* [Source data]
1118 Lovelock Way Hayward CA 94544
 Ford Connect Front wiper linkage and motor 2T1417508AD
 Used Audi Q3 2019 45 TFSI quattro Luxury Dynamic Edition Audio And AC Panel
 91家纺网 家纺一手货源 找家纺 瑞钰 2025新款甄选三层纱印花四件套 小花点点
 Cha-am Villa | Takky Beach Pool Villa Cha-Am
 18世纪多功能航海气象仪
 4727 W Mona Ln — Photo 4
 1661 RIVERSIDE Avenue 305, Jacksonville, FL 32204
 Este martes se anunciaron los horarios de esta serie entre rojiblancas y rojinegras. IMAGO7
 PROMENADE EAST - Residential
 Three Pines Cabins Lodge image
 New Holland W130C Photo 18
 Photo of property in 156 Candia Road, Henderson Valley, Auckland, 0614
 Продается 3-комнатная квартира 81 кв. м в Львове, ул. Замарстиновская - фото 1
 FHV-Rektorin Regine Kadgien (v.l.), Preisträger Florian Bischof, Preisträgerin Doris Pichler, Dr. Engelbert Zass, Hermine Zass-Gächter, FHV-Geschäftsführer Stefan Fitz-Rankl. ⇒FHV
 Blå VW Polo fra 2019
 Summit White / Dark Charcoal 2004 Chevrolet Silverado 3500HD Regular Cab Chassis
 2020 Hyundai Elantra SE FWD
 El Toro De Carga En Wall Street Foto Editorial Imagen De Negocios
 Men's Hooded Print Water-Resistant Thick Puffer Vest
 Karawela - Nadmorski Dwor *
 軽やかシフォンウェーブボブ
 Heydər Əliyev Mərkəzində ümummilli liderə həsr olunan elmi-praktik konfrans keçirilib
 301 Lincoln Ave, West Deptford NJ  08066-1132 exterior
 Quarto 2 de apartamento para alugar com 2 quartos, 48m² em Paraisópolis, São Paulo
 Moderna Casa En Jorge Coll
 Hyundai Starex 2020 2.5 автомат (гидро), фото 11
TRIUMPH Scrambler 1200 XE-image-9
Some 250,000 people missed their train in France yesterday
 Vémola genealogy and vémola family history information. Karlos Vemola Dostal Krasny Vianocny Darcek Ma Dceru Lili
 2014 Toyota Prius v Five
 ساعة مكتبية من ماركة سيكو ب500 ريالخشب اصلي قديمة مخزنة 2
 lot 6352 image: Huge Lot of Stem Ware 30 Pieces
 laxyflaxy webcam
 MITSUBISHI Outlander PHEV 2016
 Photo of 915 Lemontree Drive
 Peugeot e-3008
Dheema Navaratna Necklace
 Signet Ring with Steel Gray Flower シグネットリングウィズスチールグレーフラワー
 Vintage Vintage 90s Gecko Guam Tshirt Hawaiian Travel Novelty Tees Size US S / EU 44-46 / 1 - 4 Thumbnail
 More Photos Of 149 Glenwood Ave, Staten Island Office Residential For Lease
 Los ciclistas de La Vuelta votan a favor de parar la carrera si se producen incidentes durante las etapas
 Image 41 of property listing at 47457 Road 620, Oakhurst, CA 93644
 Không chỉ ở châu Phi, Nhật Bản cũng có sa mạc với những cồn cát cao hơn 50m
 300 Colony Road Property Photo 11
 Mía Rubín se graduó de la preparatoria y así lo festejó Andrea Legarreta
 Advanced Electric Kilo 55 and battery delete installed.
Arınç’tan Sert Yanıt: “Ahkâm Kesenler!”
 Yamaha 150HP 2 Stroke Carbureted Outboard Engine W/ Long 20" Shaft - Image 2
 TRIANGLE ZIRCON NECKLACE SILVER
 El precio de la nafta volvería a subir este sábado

* [EXERCISE GOAL] Return the lines above that include the string "Residential".

* [SOLVED PROBLEM]
 PROMENADE EAST - Residential
 More Photos Of 149 Glenwood Ave, Staten Island Office Residential For Lease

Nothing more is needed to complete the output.